PROVIDED DATA
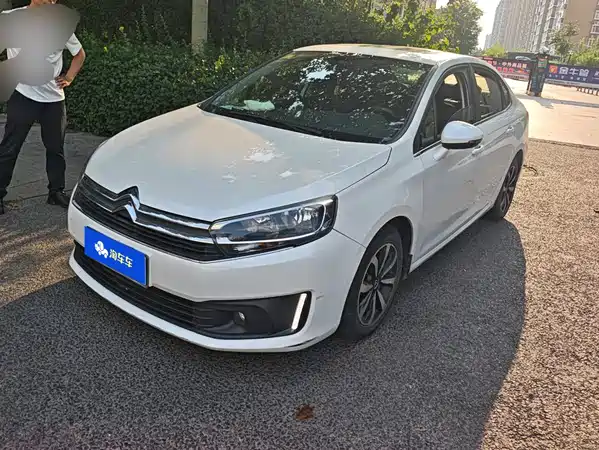 Citroën C4 Sega 2018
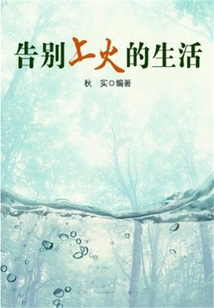 告別上火的生活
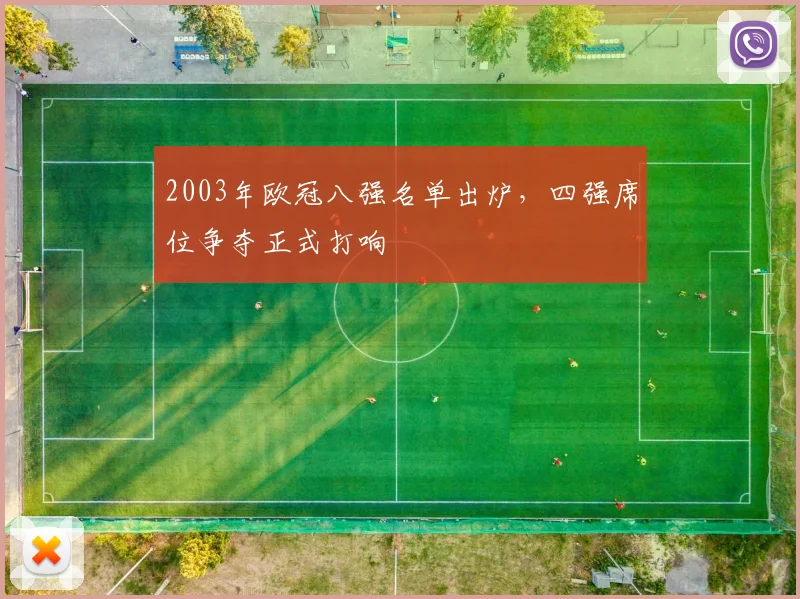 2003年欧冠八强名单出炉，四强席位争夺正式打响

YOUR OBJECTIVE
Leave out the pictures. Transcribe the rest of the listing above exactly.

RESPONSE TO THIS EXERCISE
 Citroën C4 Sega 2018
 告別上火的生活
 2003年欧冠八强名单出炉，四强席位争夺正式打响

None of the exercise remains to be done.